■ PROBLEM DESCRIPTION ■
Transcribe the listing in full, excluding any pictures.

■ RECORDED INFORMATION ■

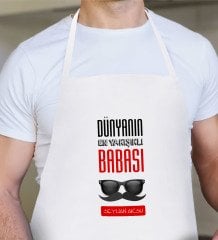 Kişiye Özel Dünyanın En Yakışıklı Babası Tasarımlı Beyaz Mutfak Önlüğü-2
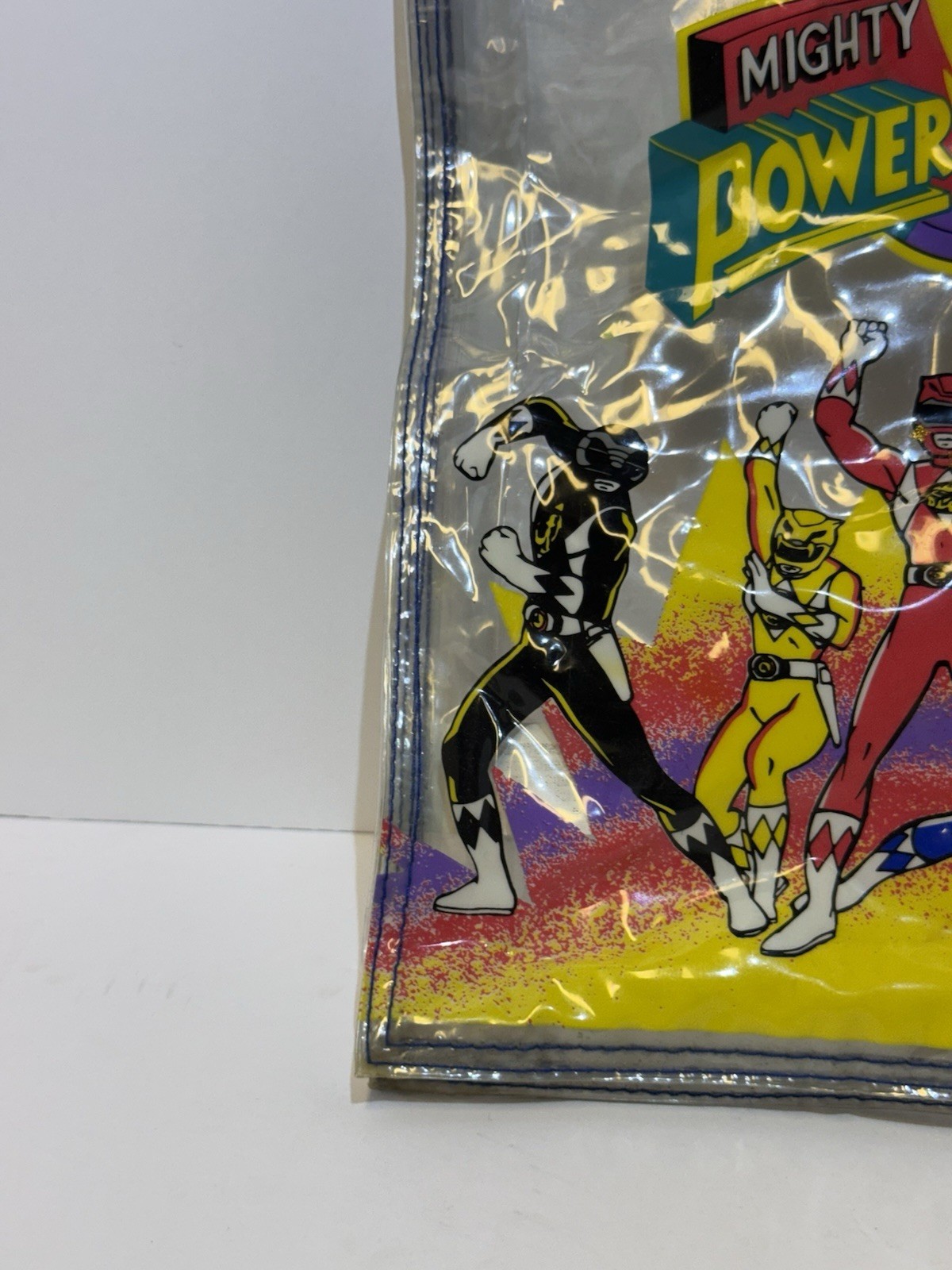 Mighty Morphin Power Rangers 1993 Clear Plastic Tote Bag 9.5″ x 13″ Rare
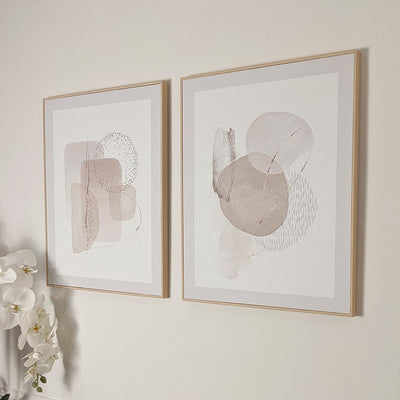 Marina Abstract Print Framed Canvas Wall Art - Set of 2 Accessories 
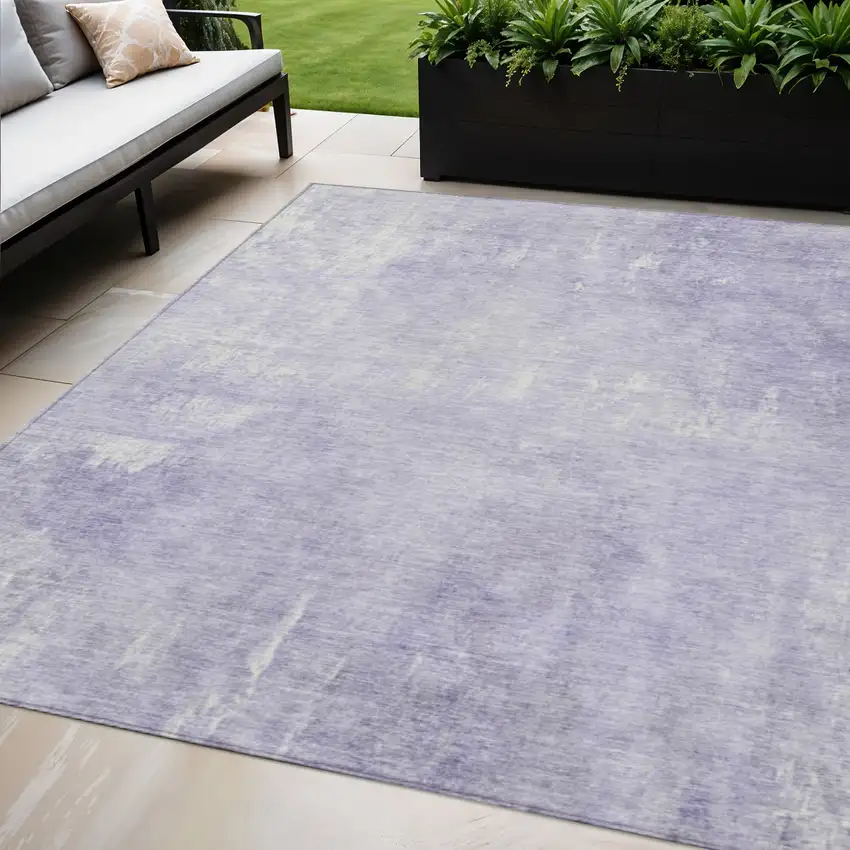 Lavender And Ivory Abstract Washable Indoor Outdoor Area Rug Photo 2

■ SOLUTION TO THIS EXERCISE ■
 Kişiye Özel Dünyanın En Yakışıklı Babası Tasarımlı Beyaz Mutfak Önlüğü-2
 Mighty Morphin Power Rangers 1993 Clear Plastic Tote Bag 9.5″ x 13″ Rare
 Marina Abstract Print Framed Canvas Wall Art - Set of 2 Accessories 
 Lavender And Ivory Abstract Washable Indoor Outdoor Area Rug Photo 2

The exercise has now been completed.